Appreciating Church book and website launch

Tim Slack of Appreciating People, Fiona Thomas of the United Reformed Church, Lynne Norman of The Methodist Church and Zélie Gross of the Religious Society of Friends (Quakers) in Britain.

Tim Slack of Appreciating People, Fiona Thomas of the United Reformed Church, Lynne Norman of The Methodist Church and Zélie Gross of the Religious Society of Friends (Quakers) in Britain.

How can local churches, congregations and communities use their strengths to spark transformation and growth?

That is the question at the heart of a new Appreciating Church website and book written by Fiona Thomas, United Reformed Church Secretary of Education and Learning, and Tim Slack, founder and co-director of Appreciating People.

They worked as part of a group of Appreciative Inquiry (AI) practitioners drawn from ecumenical partners, advised and supported by Appreciating People.

Launched in London (9th February) and Liverpool (20th February), the resources draw together – for the first time – the ways in which a range of denominations are using the process of AI to draw on the strengths and energies of local church communities as the catalyst for transformation.
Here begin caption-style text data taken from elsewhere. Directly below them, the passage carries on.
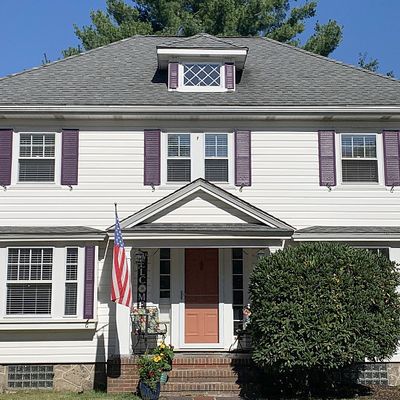 44 Parklawn Rd, West Roxbury, MA 02132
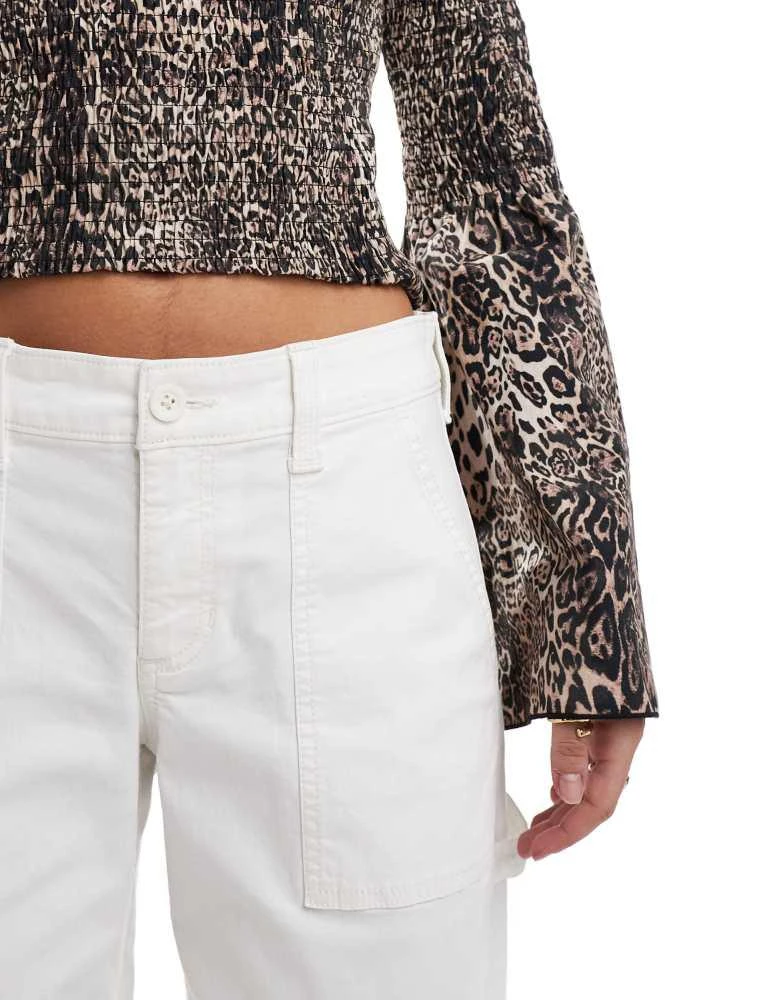 HOLLISTER Hollister relaxed high waisted jeans in white 4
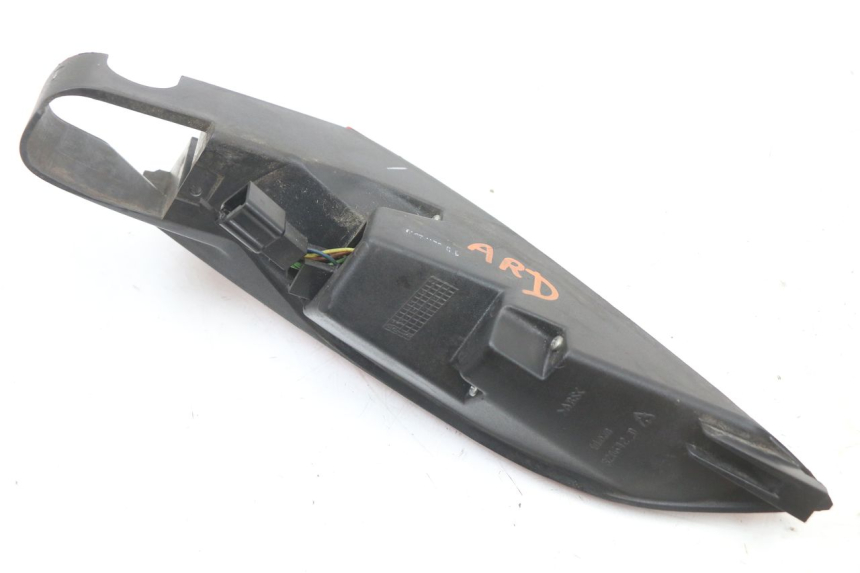 photo de FANALE POSTERIORE DESTRO PEUGEOT SATELIS 125 (2010 - 2012) - Primo piano tecnico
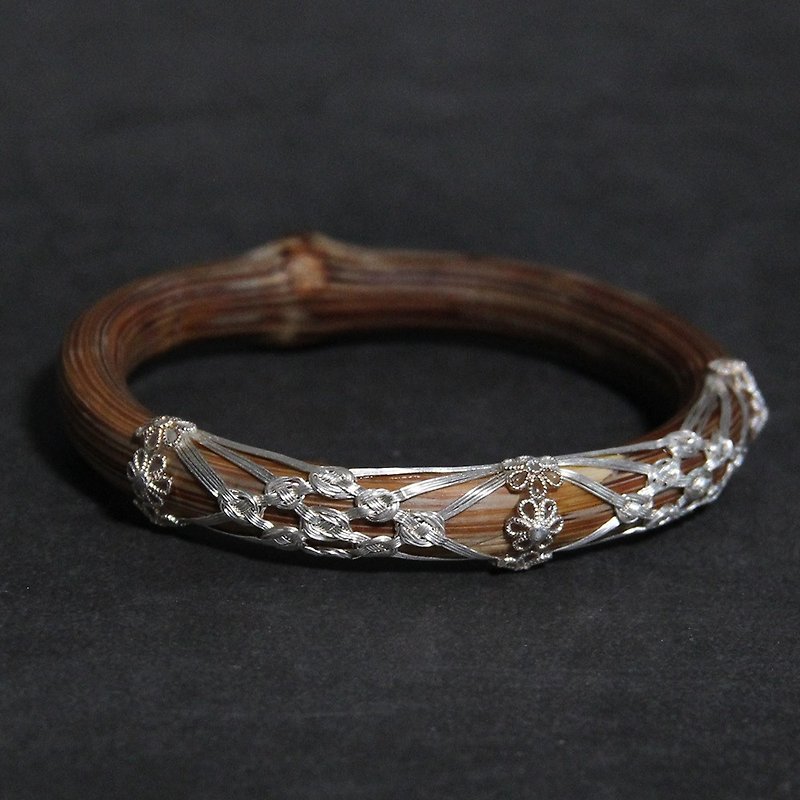 Nine plum blossoms, old wind rattan bracelet, handmade rare medicinal rattan, 999 Silver silk traditional craftsmanship - Bracelets - Wood 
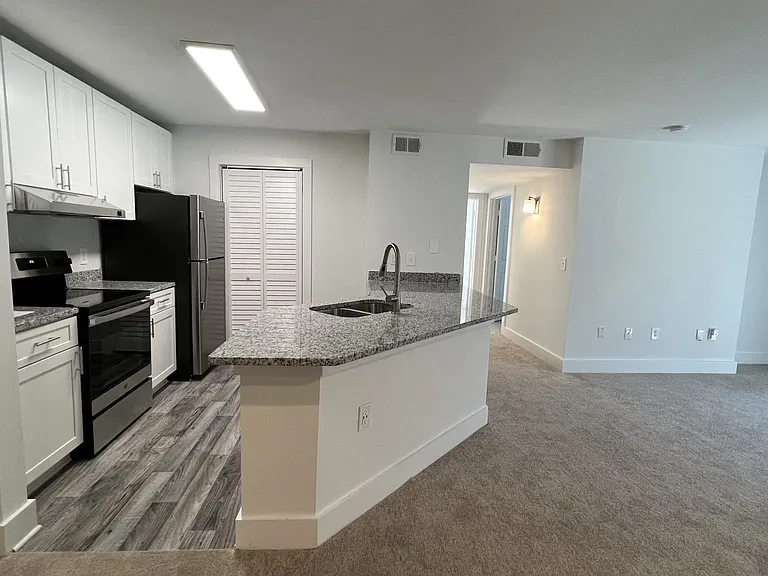 Wesley Place Apartments at Lawrenceville — Photo 179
Appreciative Inquiry (AI) begins by identifying the positive core of an organisation and builds from there. Appreciating Church is designed to be a user-friendly, accessible and practical resource with theological underpinning and pointers for worship, integrated with AI theory and practice. It includes case studies from UK churches which have used AI, among them the United Reformed Church, Methodist Church, Quakers, Congregational Federation and the Church of England Diocese of Liverpool.

Speaking at the London launch in the chapel at Methodist Central Hall, Fiona Thomas said,

‘All churches do something really well, and they all have great strengths, however small; Appreciating Church starts by discovering these and building from there. It also takes seriously the life-giving force of the Holy Spirit and the possibility of newness coming from surprising places when a church draws on its strengths.’

Tim Slack – the son of the Revd Kenneth Slack, an early leader within the United Reformed Church – added,

‘The aim is to create a self-sustaining community of AI practice across the Churches and so much has already happened. The Quakers have been using AI for about 10 years, and the Methodists and the Congregational Federation have also made a particular impact in supporting this. The book and website are part of that ongoing story and training process.’

The Revd Kevin Watson, Moderator of URC General Assembly, spoke at the ‘northern launch’ at St Bride’s, Liverpool, and commended AI in the book:

‘Appreciative Inquiry encourages and enables everyone in the church to be involved, to know their story is heard and matters, and to see their strengths and achievements valued.’

Appreciating Church, and its accompanying website offering supplementary exercises and content, come as a resource for existing and aspiring AI practitioners within churches and the communities connected with them. Appreciating Church will be applicable throughout the UK and there has already been interest from churches and church-based organisations in other English speaking countries. The practical examples in the book include community involvement by a Pentecostal church in Manchester, and the work of St Bride’s, Liverpool with its commitment to being creative, progressive and inclusive.

Published by Wordscapes, the 120-page book features Appreciative Inquiry practitioners from a wide variety of churches drawing from diverse theological sources. It is available now (£16) from the Appreciating People bookstore.